This total is due to chemical fertilizer production, deforestation for pasture, cultivation of feed crops (corn), feed transport, animal production (fermentation and methane and nitrous oxide emissions) and the transportation of animal products. In other words: the report rolled together a natural biological process ­ eutrophying emissions ­ with fossil fuel-intensive industrial livestock production activities, especially those employed in feedlots, and branded the entire system with a negative stigma. As a result, the report created an impression among the public at large, promoted vigorously by some advocacy organizations, that the answer to the climate crisis is to 'eat less red meat.'

Personally, I think an answer is to eat more meat ­ from a carbon ranch.

When considering the 'methane question' in regard to climate change, there are a number of important points to keep in mind:
* As already noted, the warming effects of methane and nitrous oxide are currently being offset by heat-reflecting aerosols in the atmosphere;
* The largest single source of methane worldwide is wetlands (22%), followed by coal, oil and natural gas (19%), livestock (16%), rice cultivation (12%), with burning, landfill, sewage, manure, termites and release from the ocean making up the remaining 31%.
* Methane is also produced by rainforests, whales, termites, bison, reindeer, camels, giraffes, and many other animals, and has been rising into the atmosphere for millions of years.
* The methane we should really be worried about is the type found in frozen beds of methane hydrates, located below permafrost layers and shallow seabeds, which when melted will release very significant amounts of the potent greenhouse gas into the atmosphere.
* According to the Soil Association of the United Kingdom "Grassland left ungrazed on fields unsuitable for ploughing emits as much methane when it decays over-winter as if consumed by ruminants." [17]
* The vast majority of methane produced by the agricultural sector comes from a system drenched in fossil fuels. Author Michael Pollan put this last point this way: "We transformed a system that in 1940 produced 2.3 calories of food energy for every calorie of fossil-fuel energy it used into one that now takes 10 calories of fossil-fuel energy to produce a single calorie of modern supermarket food. Put another way, when we eat from the industrial food system, we are eating oil and spewing greenhouse gases." [18]

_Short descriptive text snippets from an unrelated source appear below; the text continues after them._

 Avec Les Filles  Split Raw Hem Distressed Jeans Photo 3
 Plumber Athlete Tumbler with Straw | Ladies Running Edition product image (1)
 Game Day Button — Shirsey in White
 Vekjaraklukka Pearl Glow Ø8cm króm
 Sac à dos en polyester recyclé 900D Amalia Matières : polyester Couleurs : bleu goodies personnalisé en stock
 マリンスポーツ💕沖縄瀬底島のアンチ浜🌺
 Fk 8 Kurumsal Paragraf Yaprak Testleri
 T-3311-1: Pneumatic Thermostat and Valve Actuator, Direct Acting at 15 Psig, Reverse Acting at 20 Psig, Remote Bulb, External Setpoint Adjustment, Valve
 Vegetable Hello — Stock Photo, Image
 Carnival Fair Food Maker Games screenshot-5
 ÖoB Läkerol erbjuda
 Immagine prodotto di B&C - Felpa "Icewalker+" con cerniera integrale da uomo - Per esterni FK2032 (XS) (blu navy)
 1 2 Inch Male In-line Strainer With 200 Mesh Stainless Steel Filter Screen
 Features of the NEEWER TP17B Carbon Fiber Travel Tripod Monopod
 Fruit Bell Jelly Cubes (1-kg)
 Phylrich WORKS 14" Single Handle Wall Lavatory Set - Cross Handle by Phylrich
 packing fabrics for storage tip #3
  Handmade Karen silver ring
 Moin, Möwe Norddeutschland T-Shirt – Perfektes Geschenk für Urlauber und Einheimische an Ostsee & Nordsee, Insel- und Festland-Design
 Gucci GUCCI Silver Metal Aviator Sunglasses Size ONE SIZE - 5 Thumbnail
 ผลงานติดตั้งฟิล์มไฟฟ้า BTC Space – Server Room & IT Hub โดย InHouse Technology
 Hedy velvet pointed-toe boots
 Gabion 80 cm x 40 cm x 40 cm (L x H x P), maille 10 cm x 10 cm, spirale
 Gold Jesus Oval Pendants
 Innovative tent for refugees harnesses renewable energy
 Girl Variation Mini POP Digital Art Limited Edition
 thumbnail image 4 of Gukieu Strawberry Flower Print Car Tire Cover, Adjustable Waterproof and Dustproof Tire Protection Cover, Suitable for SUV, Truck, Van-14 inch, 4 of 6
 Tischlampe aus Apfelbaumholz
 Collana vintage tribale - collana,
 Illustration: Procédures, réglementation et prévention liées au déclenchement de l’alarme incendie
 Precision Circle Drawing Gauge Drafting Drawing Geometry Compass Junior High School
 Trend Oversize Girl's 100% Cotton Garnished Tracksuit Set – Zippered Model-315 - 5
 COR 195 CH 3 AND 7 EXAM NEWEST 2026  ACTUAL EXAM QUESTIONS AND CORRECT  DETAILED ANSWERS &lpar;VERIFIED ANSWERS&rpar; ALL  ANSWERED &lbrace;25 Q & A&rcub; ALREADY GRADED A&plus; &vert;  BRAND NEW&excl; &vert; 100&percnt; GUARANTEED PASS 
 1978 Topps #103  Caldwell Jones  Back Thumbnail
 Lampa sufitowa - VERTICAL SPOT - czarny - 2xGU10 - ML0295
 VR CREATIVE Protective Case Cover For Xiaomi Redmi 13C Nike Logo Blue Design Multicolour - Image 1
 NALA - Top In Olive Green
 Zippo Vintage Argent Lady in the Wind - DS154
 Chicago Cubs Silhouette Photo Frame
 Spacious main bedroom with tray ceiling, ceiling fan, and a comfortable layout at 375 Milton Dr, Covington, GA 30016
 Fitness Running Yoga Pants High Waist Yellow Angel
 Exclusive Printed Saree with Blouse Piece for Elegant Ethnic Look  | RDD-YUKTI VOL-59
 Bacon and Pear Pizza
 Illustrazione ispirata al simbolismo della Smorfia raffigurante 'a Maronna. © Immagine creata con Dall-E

The answer, Pollan says, is to "resolarize" the American economy ­ which means weaning Americans off their heavy 20th -century diet of fossil fuel and put them back on a diet of contemporary sunshine. "If any part of the modern economy can be freed from its dependence on oil and successfully resolarized," Pollan writes, "surely it is food."

For the purposes of a carbon ranch, the methane emission issue is just one part of the overall 'footprint' assessment. The goal of a Life-Cycle Analysis is to measure an operation's energy use and emissions so that it can reduce both over time. Ultimately, the goal is to become carbon-neutral or, ideally, carbon-negative ­ meaning, the amount of CO 2 sequestered is greater than the ranch's carbon footprint.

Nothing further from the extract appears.